Write the records out exactly as shown. No pictures.

=-=-=

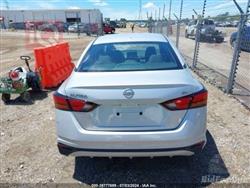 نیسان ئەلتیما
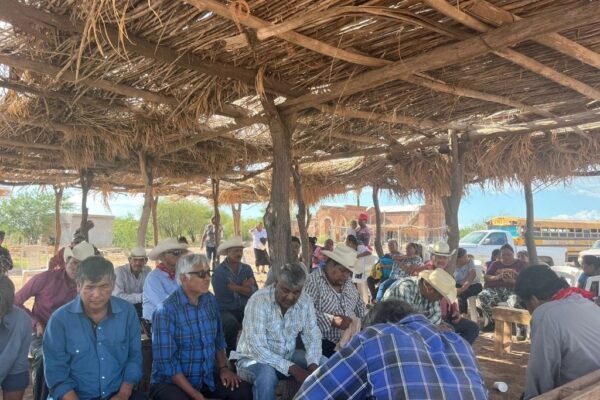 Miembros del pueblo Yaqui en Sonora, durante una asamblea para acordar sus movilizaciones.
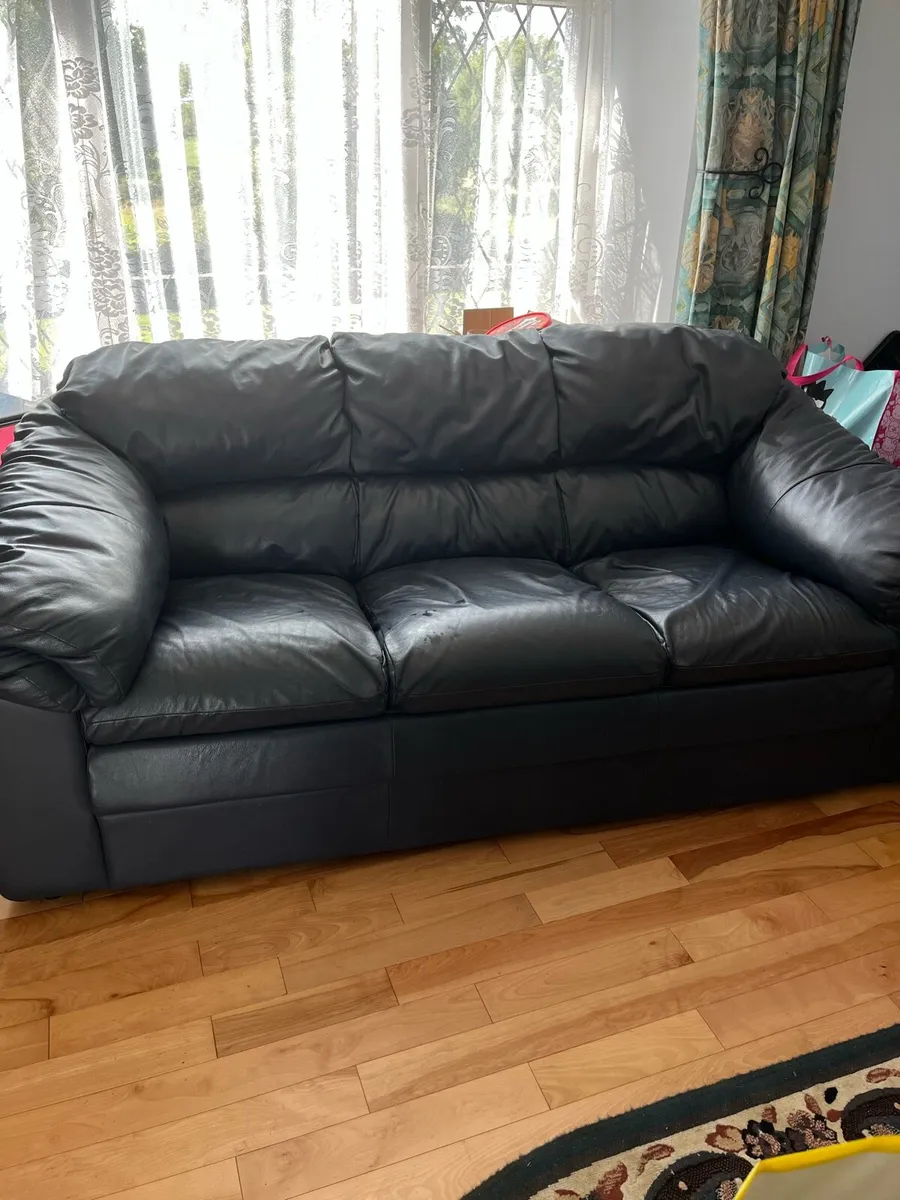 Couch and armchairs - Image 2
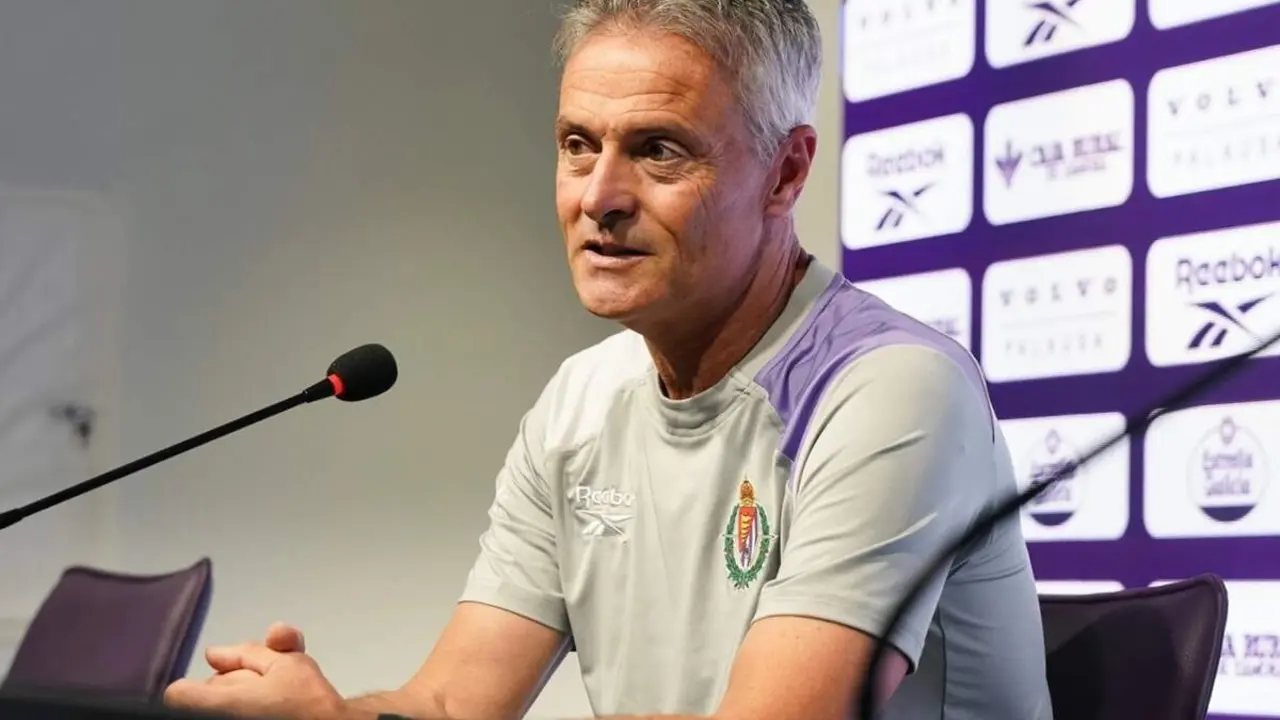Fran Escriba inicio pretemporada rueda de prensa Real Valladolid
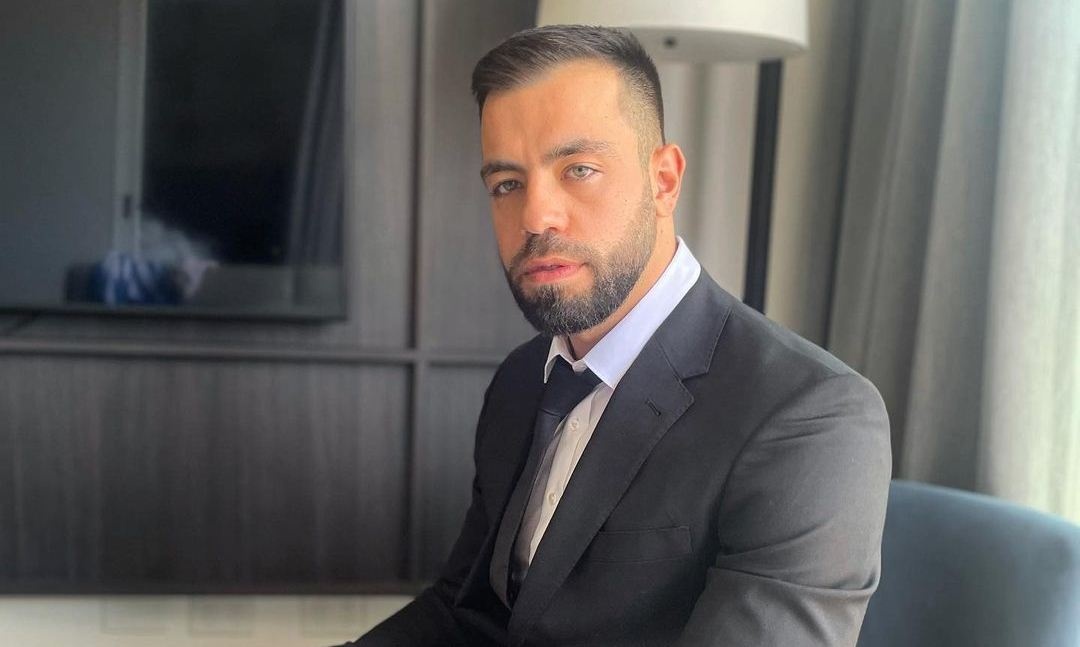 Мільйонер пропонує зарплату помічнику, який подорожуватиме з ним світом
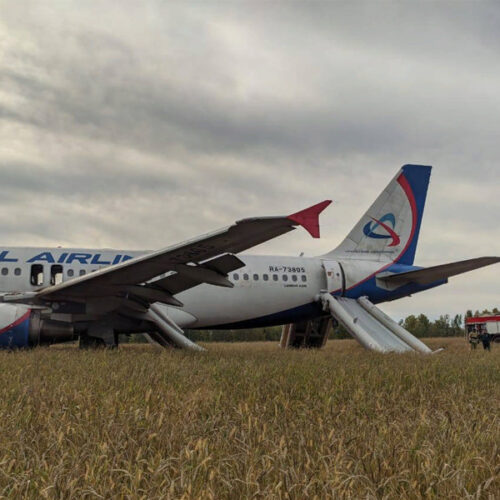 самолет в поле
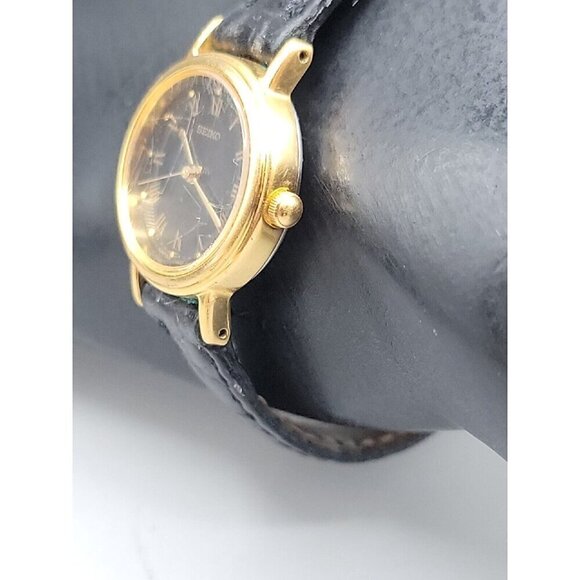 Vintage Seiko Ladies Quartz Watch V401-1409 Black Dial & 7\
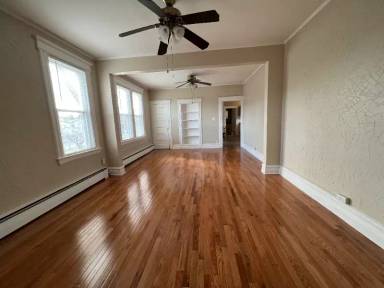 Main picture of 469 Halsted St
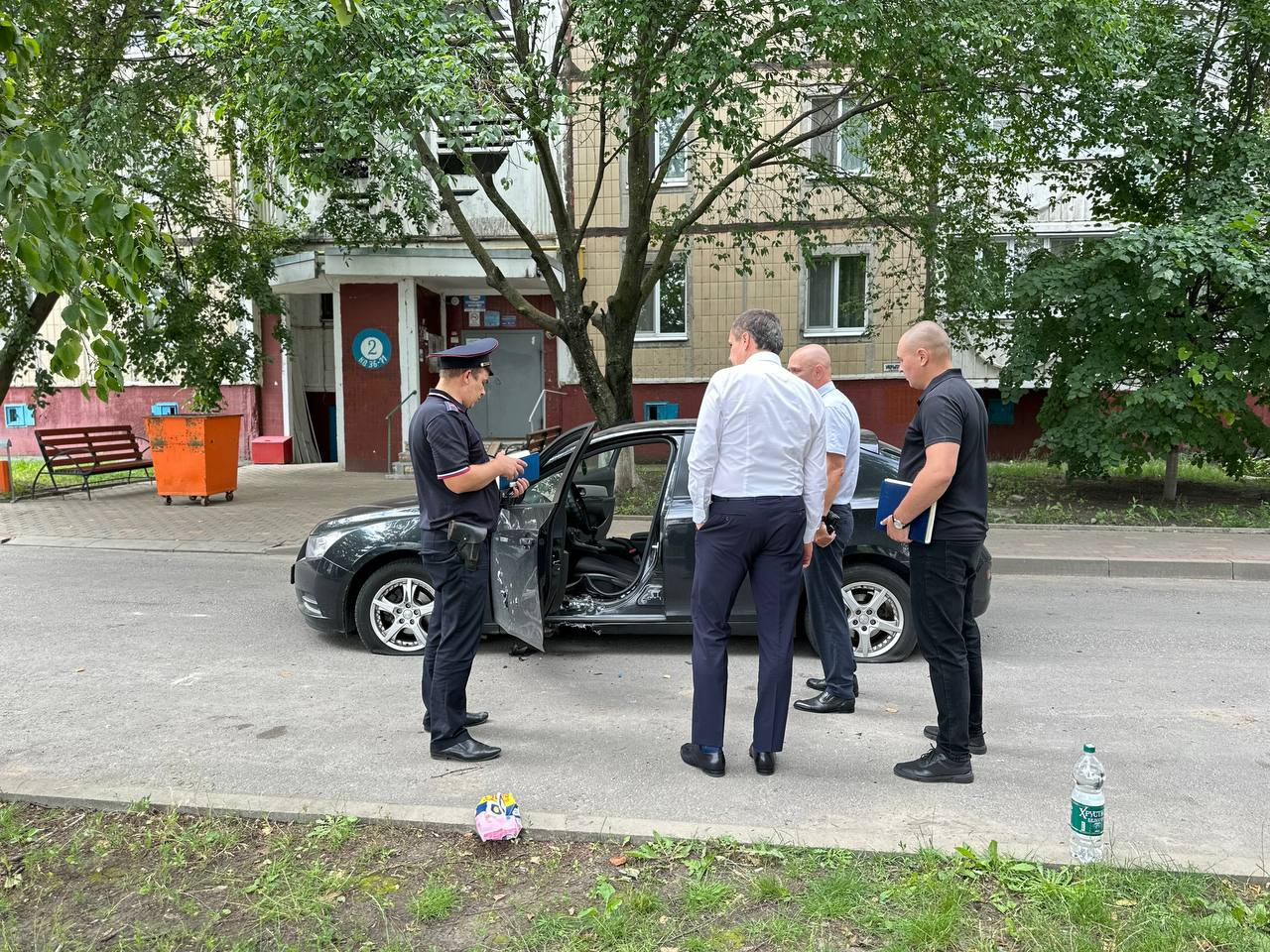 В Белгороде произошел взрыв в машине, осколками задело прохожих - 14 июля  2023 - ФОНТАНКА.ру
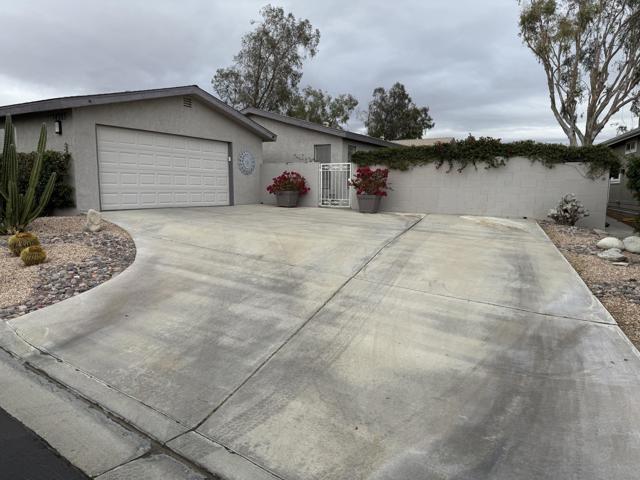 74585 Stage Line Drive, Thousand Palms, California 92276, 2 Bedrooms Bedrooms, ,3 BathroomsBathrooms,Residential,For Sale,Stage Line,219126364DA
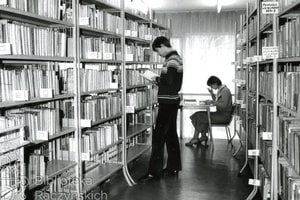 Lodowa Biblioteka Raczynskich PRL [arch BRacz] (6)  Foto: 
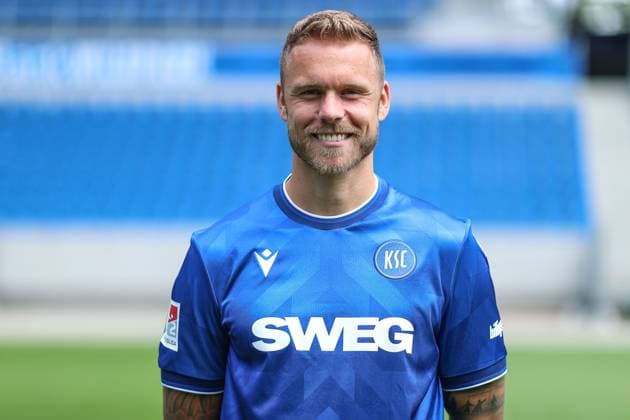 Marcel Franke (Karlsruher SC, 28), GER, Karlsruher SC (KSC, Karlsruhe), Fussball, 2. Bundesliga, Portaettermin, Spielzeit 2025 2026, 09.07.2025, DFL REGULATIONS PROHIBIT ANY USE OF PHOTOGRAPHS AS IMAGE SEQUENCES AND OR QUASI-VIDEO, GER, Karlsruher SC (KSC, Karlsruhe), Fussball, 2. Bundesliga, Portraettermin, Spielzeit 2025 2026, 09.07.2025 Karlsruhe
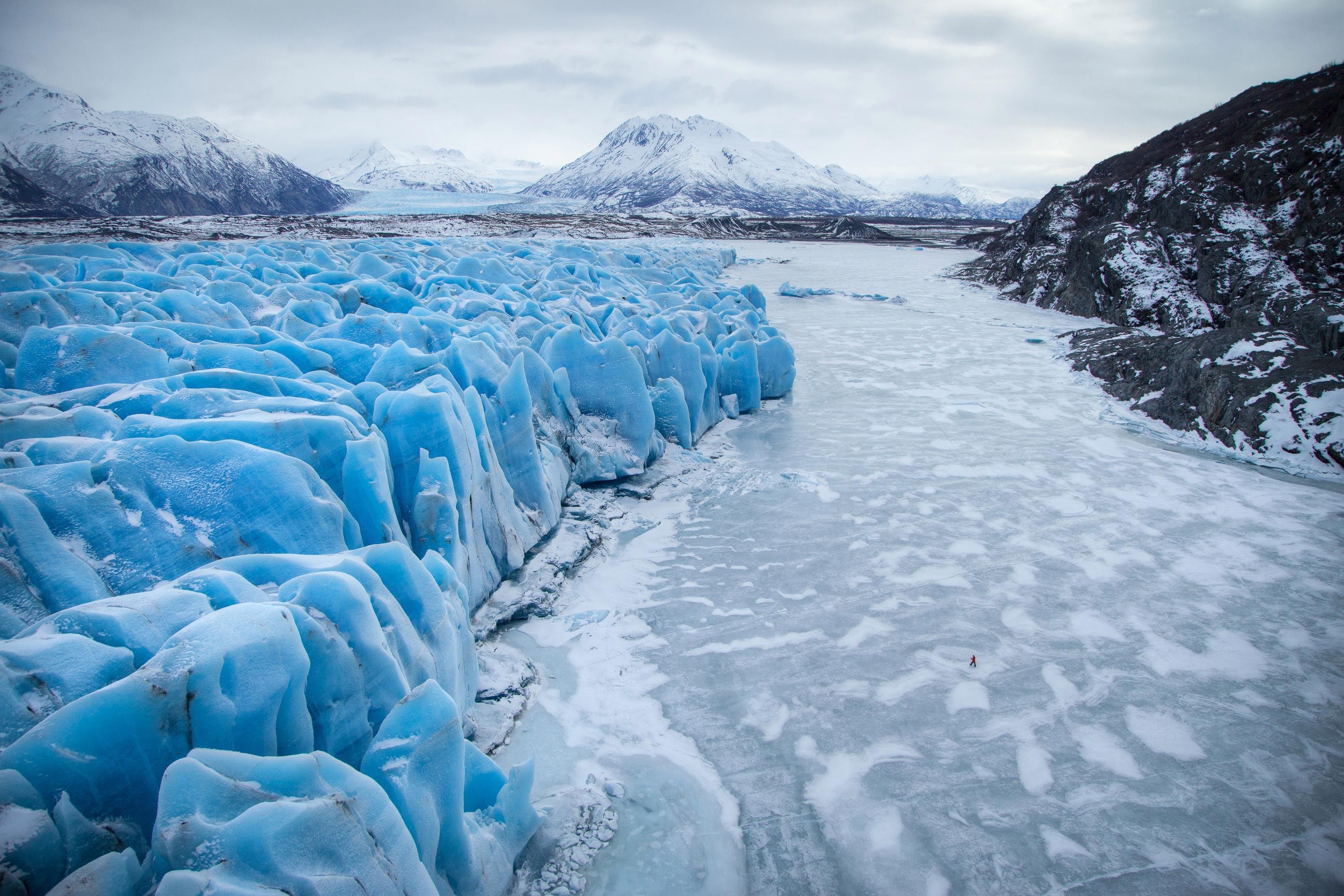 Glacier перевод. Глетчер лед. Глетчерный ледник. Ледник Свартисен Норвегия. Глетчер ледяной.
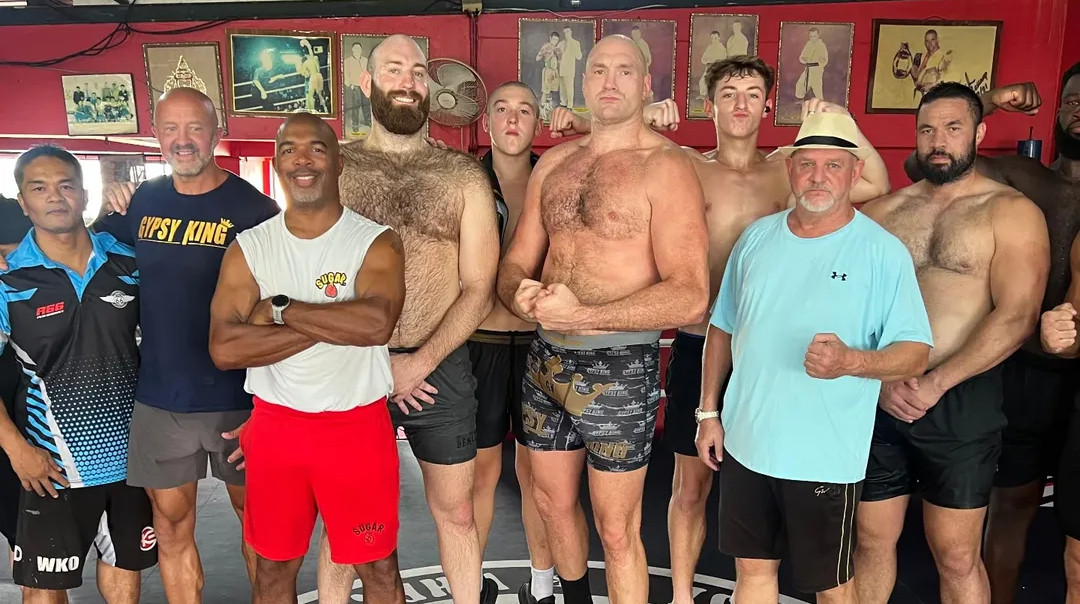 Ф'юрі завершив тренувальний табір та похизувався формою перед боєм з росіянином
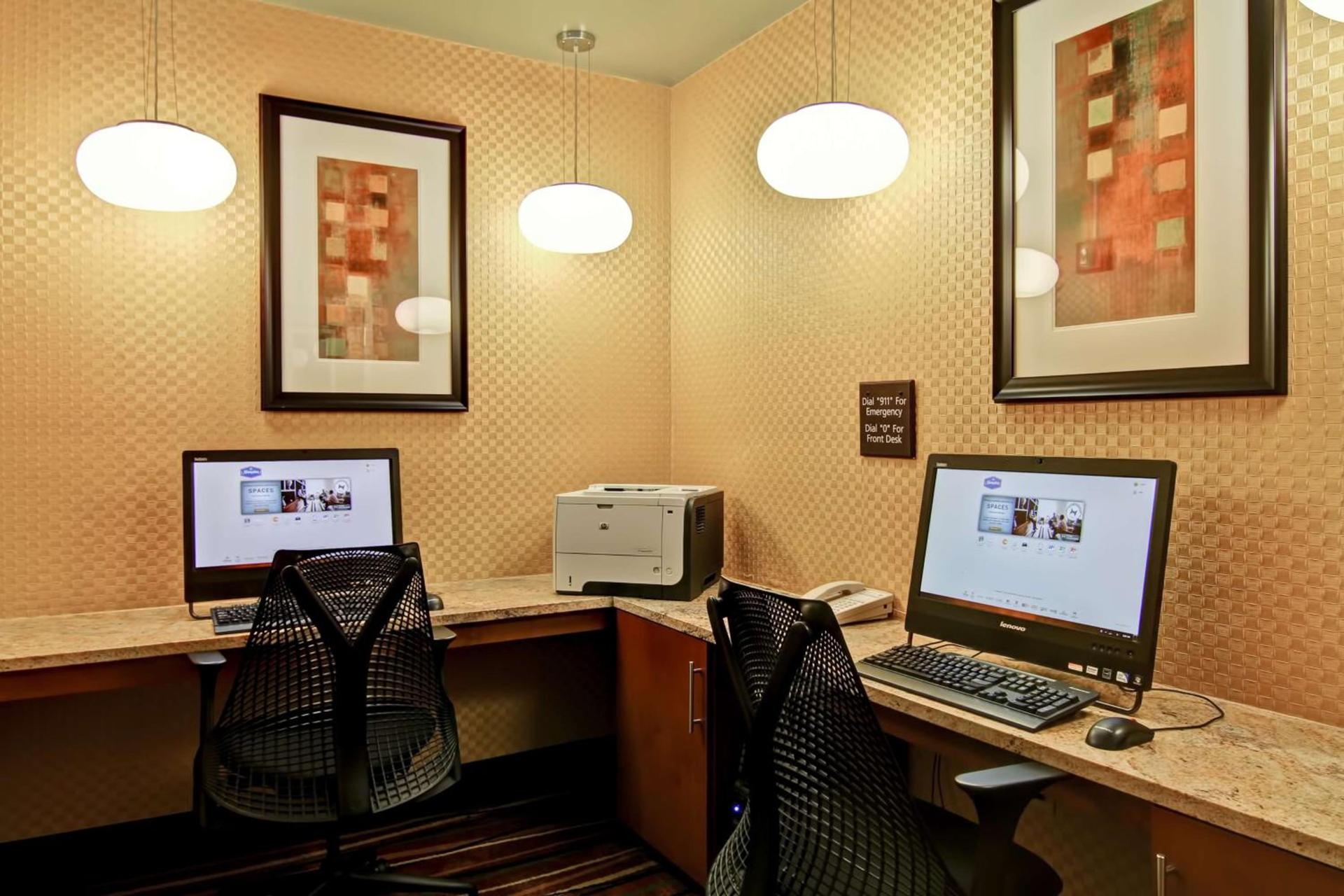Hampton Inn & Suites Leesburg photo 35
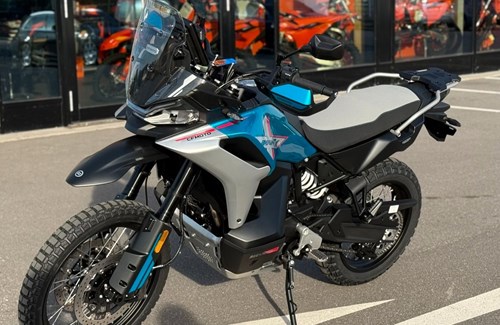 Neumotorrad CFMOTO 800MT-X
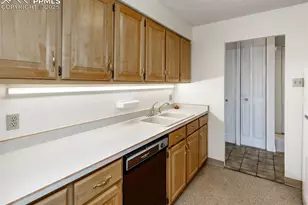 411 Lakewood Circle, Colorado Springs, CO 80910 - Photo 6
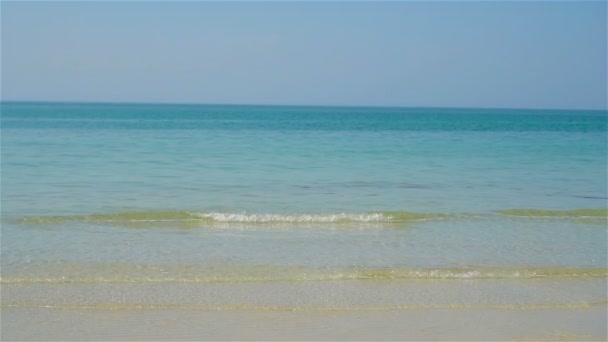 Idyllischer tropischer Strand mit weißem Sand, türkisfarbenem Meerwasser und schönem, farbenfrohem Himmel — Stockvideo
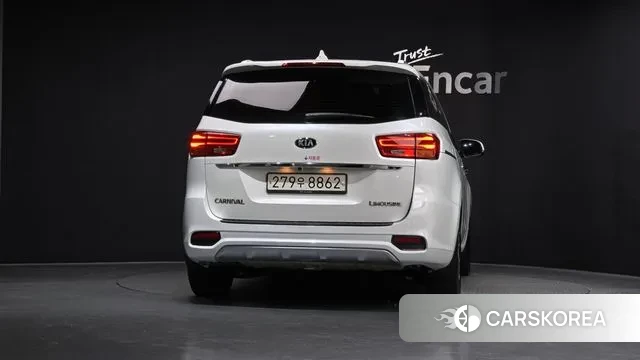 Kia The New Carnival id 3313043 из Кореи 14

=-=-=

● Exercise answer:
 نیسان ئەلتیما
 Miembros del pueblo Yaqui en Sonora, durante una asamblea para acordar sus movilizaciones.
 Couch and armchairs - Image 2
Fran Escriba inicio pretemporada rueda de prensa Real Valladolid
 Мільйонер пропонує зарплату помічнику, який подорожуватиме з ним світом
 самолет в поле
 Vintage Seiko Ladies Quartz Watch V401-1409 Black Dial & 7\
 Main picture of 469 Halsted St
 В Белгороде произошел взрыв в машине, осколками задело прохожих - 14 июля  2023 - ФОНТАНКА.ру
 74585 Stage Line Drive, Thousand Palms, California 92276, 2 Bedrooms Bedrooms, ,3 BathroomsBathrooms,Residential,For Sale,Stage Line,219126364DA
 Lodowa Biblioteka Raczynskich PRL [arch BRacz] (6)  Foto: 
 Marcel Franke (Karlsruher SC, 28), GER, Karlsruher SC (KSC, Karlsruhe), Fussball, 2. Bundesliga, Portaettermin, Spielzeit 2025 2026, 09.07.2025, DFL REGULATIONS PROHIBIT ANY USE OF PHOTOGRAPHS AS IMAGE SEQUENCES AND OR QUASI-VIDEO, GER, Karlsruher SC (KSC, Karlsruhe), Fussball, 2. Bundesliga, Portraettermin, Spielzeit 2025 2026, 09.07.2025 Karlsruhe
 Glacier перевод. Глетчер лед. Глетчерный ледник. Ледник Свартисен Норвегия. Глетчер ледяной.
 Ф'юрі завершив тренувальний табір та похизувався формою перед боєм з росіянином
Hampton Inn & Suites Leesburg photo 35
 Neumotorrad CFMOTO 800MT-X
 411 Lakewood Circle, Colorado Springs, CO 80910 - Photo 6
 Idyllischer tropischer Strand mit weißem Sand, türkisfarbenem Meerwasser und schönem, farbenfrohem Himmel — Stockvideo
 Kia The New Carnival id 3313043 из Кореи 14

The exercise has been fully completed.